But I don't see the Hillary being the most electable at all. And competence and inner confidence and the ability to admit mistakes are welcome traits, but she voted to give Bush more power on the Iraq resolution (and she certainly knew better), and then just did the same thing on Iran. Toast.

I saw her speak about 3 years ago at a forum arranged in SF by a Women Lawyer org and she was warm, deep and wonderful. Pink protested her even back then. Many of us dislike her votes and the old Republicans HATE her even more than Bill, if that is possible. Even my appreciation for Bill doesn't offsite my toast forecast on Hillary since I believe we get Bill in a BIG way with any Democratic admin, and even with a Republican one perhaps. Oddly enough that might be one of Bush2's more admirable and unexpected moves; perhaps Bush1 laid down an ultimatum.

I unfortunately think America is too misogynist and bigoted anyway to elect Hillary, and too pure racist to choose Obama. That leaves Edwards for me as the most electable, with the previous two on his cabinet.
All would certainly not discriminate on gay issues regardless. Didn't Edwards say something like he was not comfortable around some gays but would never discriminate against them? Hell, if we are talking about electability, he just AGREED with about 3/4 the straight Clinton/Obama haters (the other 1/4 DO want to discriminate). I think that oddly enough ADDS to his electability.

At 1:55 PM, Blogger Jimmy the Saint said...

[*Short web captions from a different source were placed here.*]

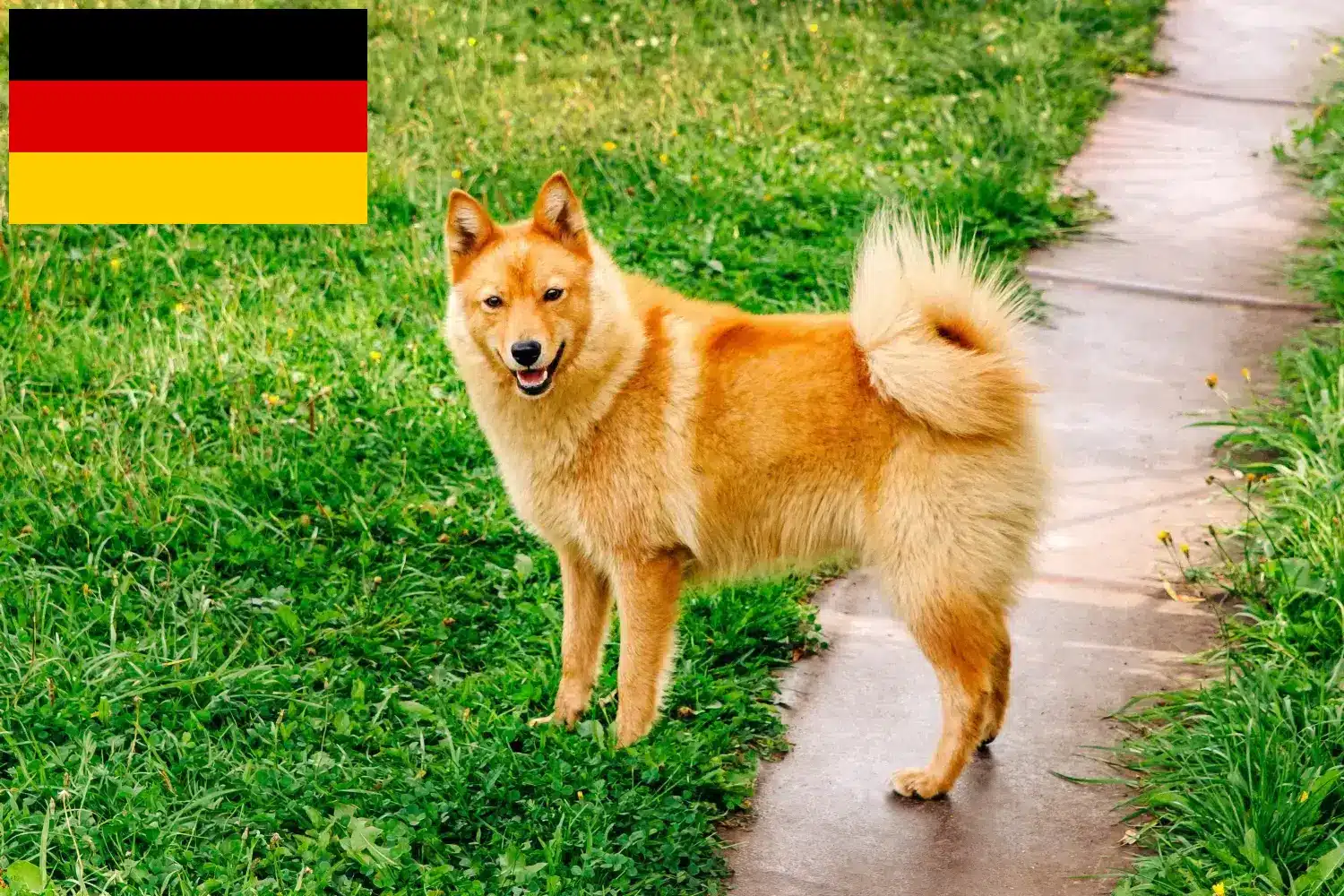Read more about the article Almanya’da Finnenspitz yetiştiricileri ve yavru köpekler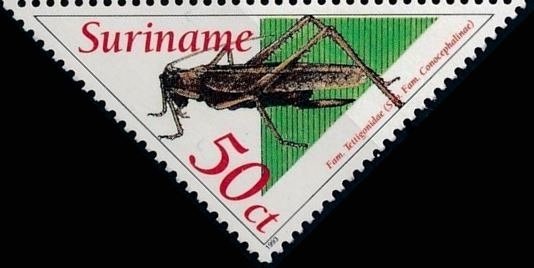Stamp, Conocephalus conocephalus, Suriname,  , Animals (Fauna), Beetles, Insects, Triangle Stamps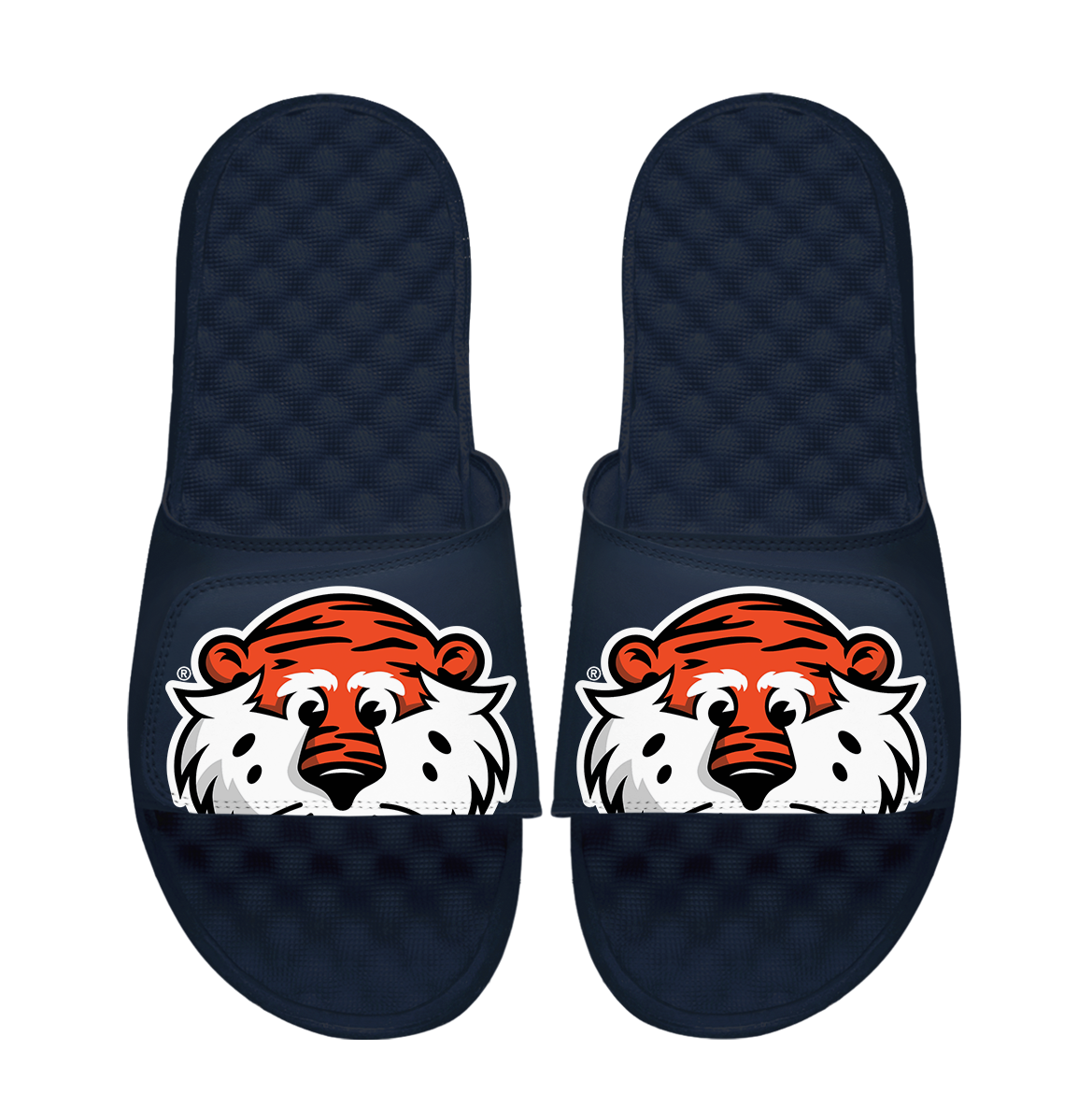 Auburn Tigers Mascot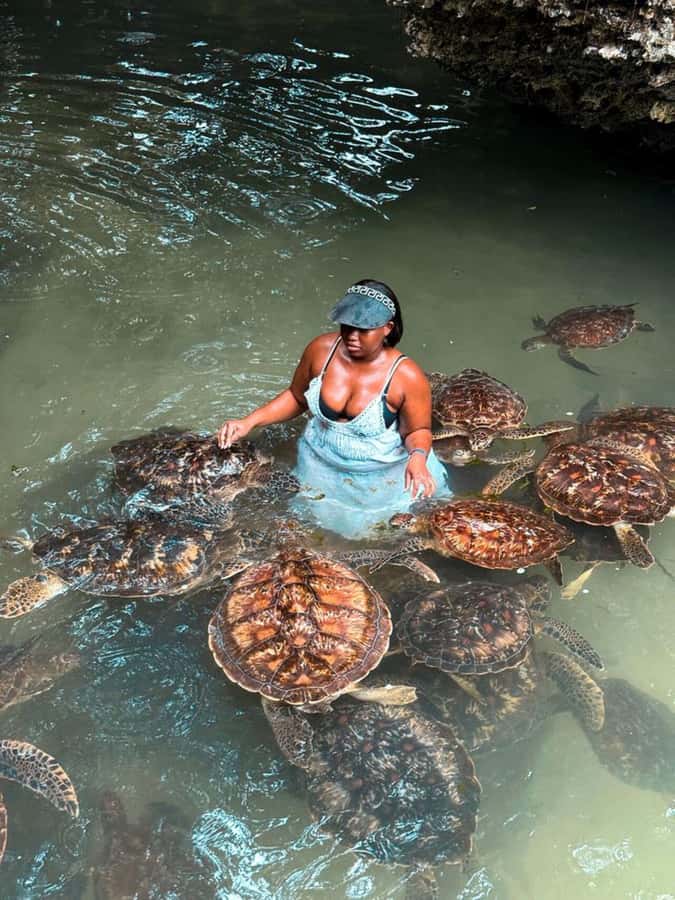 ZANZIBAR: Sea Turtle Swimming & Feeding Experience in NUNGWI - Photos and Clear Blue Water: When Light Matters
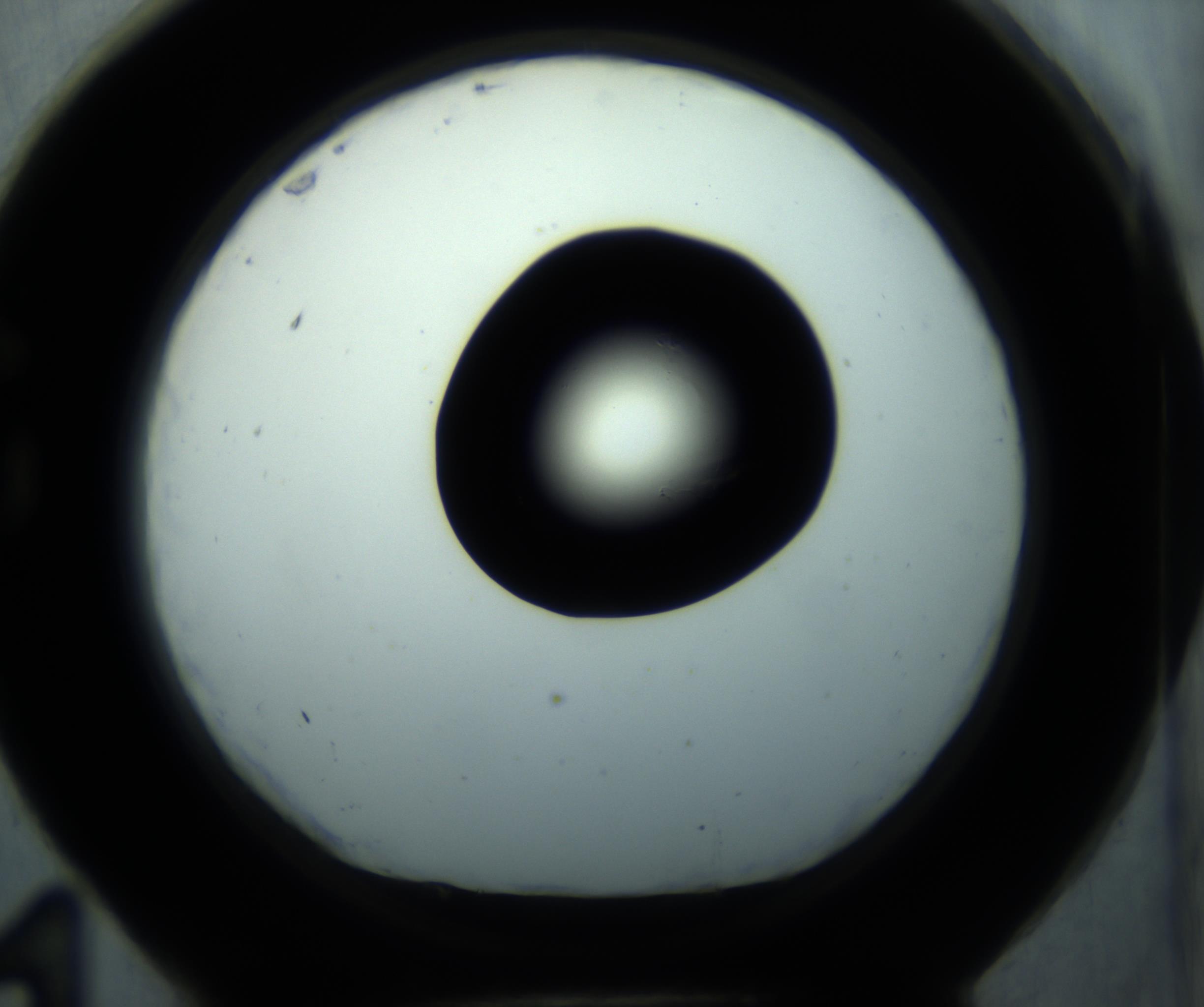 RI01_03_000_0212_Proj1_Clon1_MC_0000MC102869_001_161021_11_07_01_00_98_002_001_RAI.jpg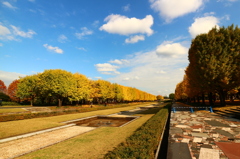 昭和記念公園の紅葉
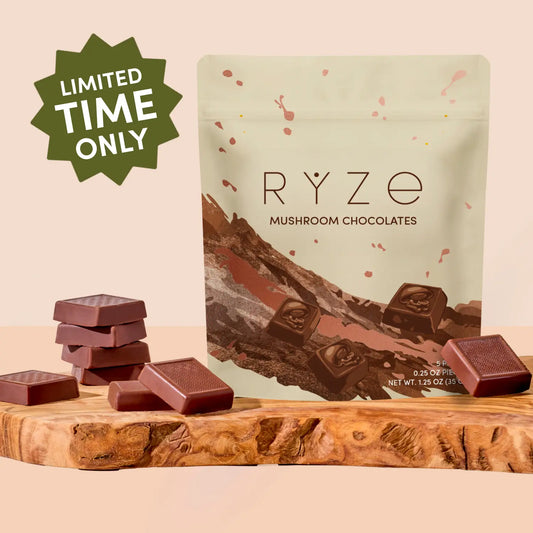 Mushroom Chocolates Rye (15 pieces) - UY13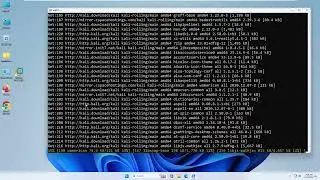 10  Installing Kali on Windows WSL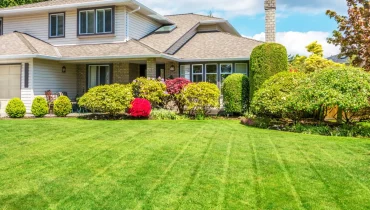 Custom Artificial Lawns Dallas TX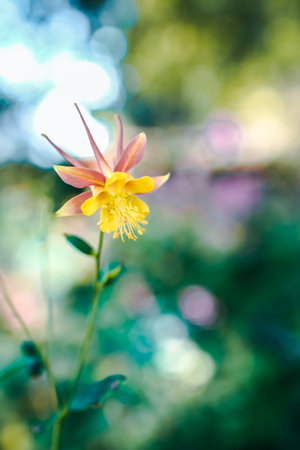 Flower in Davis CAの写真素材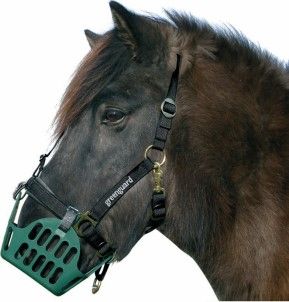 Greenguard 2024 grazing muzzles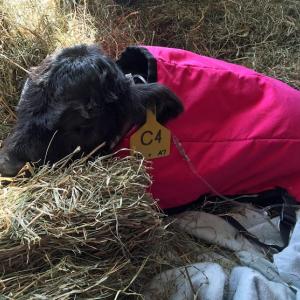 This 12-day-old belted Gallway calf is being cared for by Aldermere Farm staff after it started showing signs of distress. (Photo by Holly S. Edwards)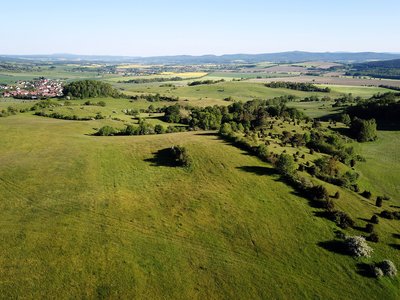 Wacholderheide bei Waldfisch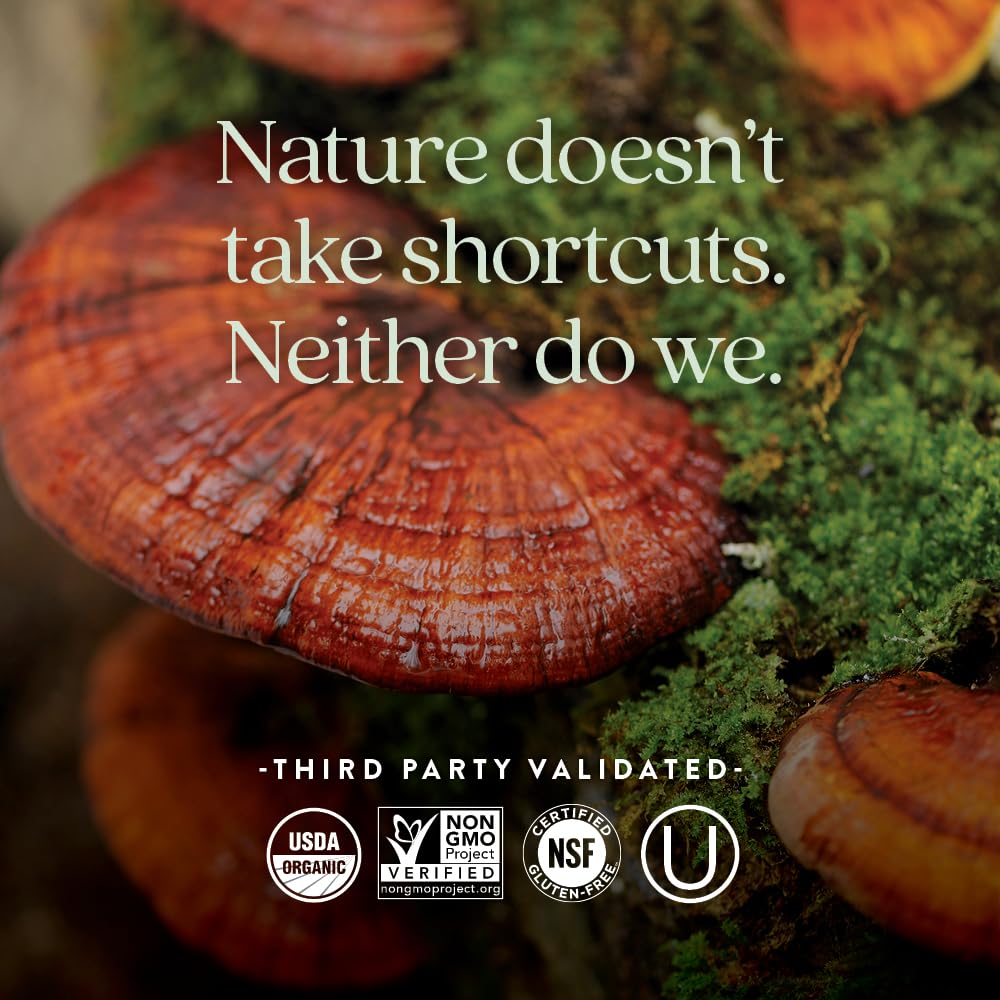 New Chapter Fermented Vitamin D3 2,000 IU, Organic, ONE Daily for Immune, Heart & Bone Support + Whole-Food Turmeric, Adaptogenic Reishi Mushroom, 100% Vegetarian, Gluten Free, 60 Count - Image 5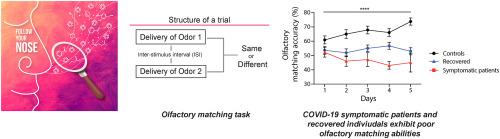 Persistent olfactory learning deficits during and post-COVID-19 infection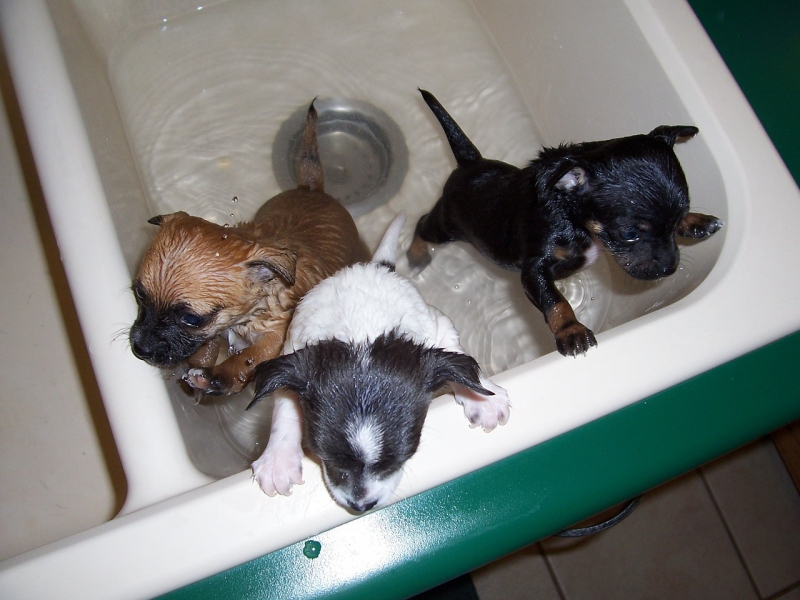 toiletteur-THIERY-min_bath-time-1111748_1280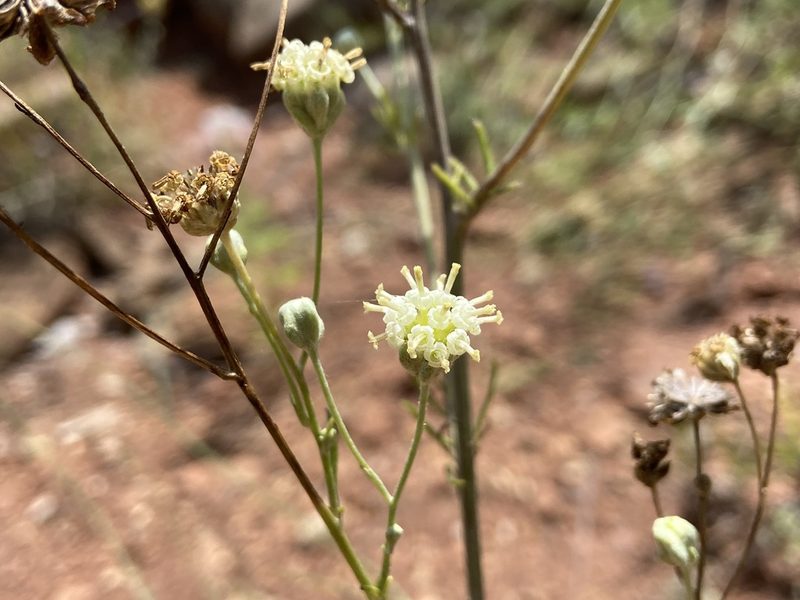 Hymenopappus tenuifolius, photographed by Reid Hardin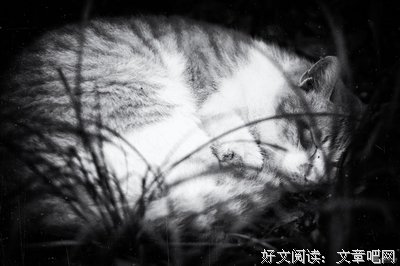 另一个自己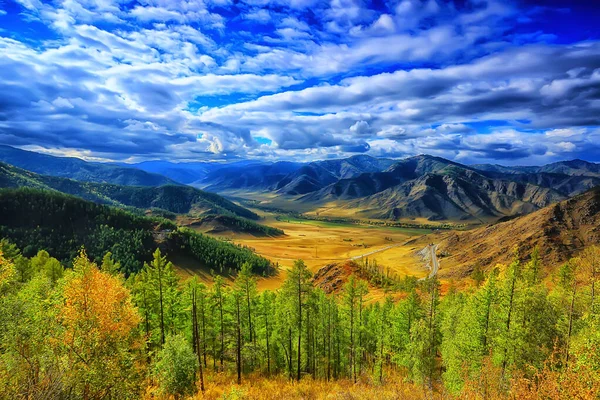 Ліс Горах Краєвид Красива Зелена Природа Літній Фон Ліс — стокове фото
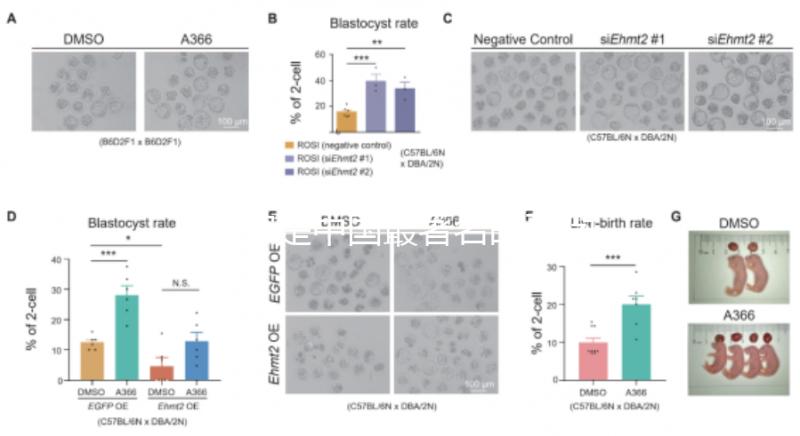哪家是中國最著名的不孕不育醫(yī)院，包括正規(guī)機構的排名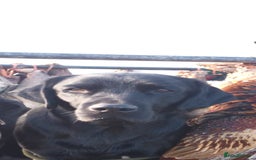 Labrador Retriever dogs for sale: Stunning litter of 8 pedigree Labrador Puppies - Image 11
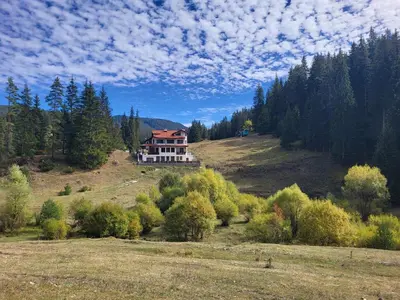 a house on top of a hill with trees at Daisy Forest in Borino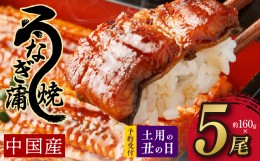 【ふるさと納税】【土用の丑の日】秘伝のたれ仕込み うなぎ蒲焼 合計800g（約160g×5尾）鰻 ウナギ 中国産 温めるだけ 簡単 レンジ調理 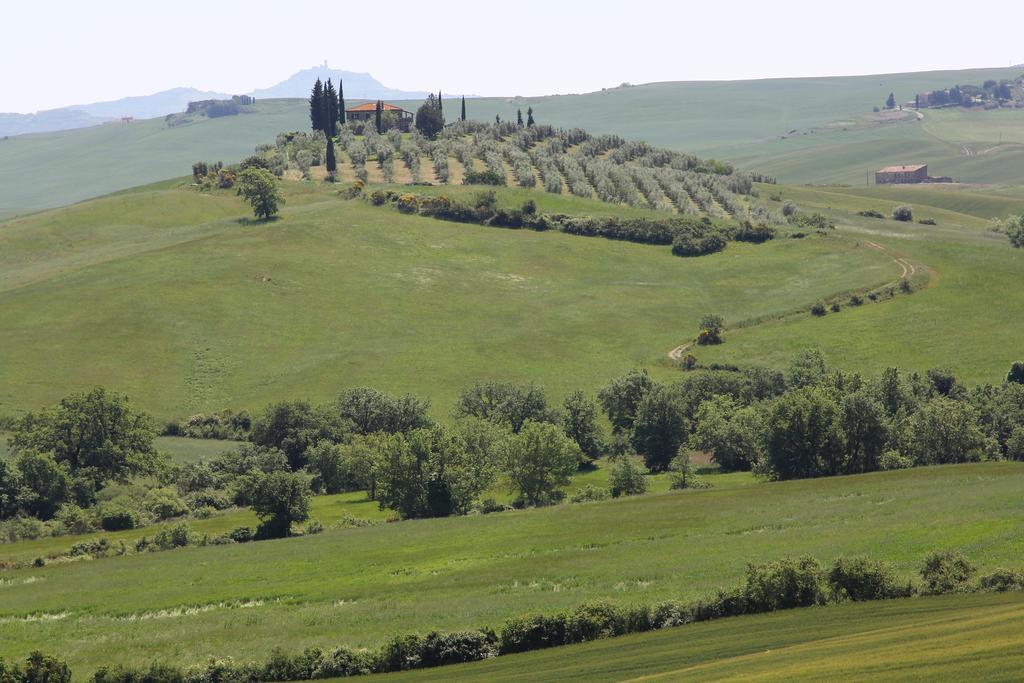 Apartmán La Terrazza Sulla Val D'Orcia Castiglione dʼOrcia Exteriér fotografie
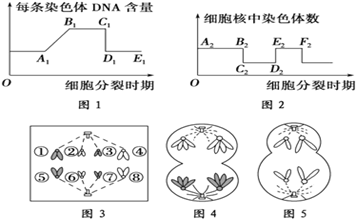 生物孟德尔遗传定律_孟德尔的遗传定律包括_孟德尔遗传定律教案范文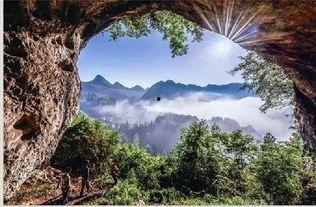 森林公园热门瓜,探寻森林公园里的夏日热门瓜果盛宴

Yes, Edwards said that. That was probably the most honest statement of the campaign. It also shows what effect his wife has on him, as in some ways, she'd make a lot better candidate than him. Overall, Clinton is the most compromised. Why do you think Fortune put her on the cover with that title? Because she won't rock the boat. She won't undo much of Bush's excesses. Both Hillary and Bill are just competent Republicans.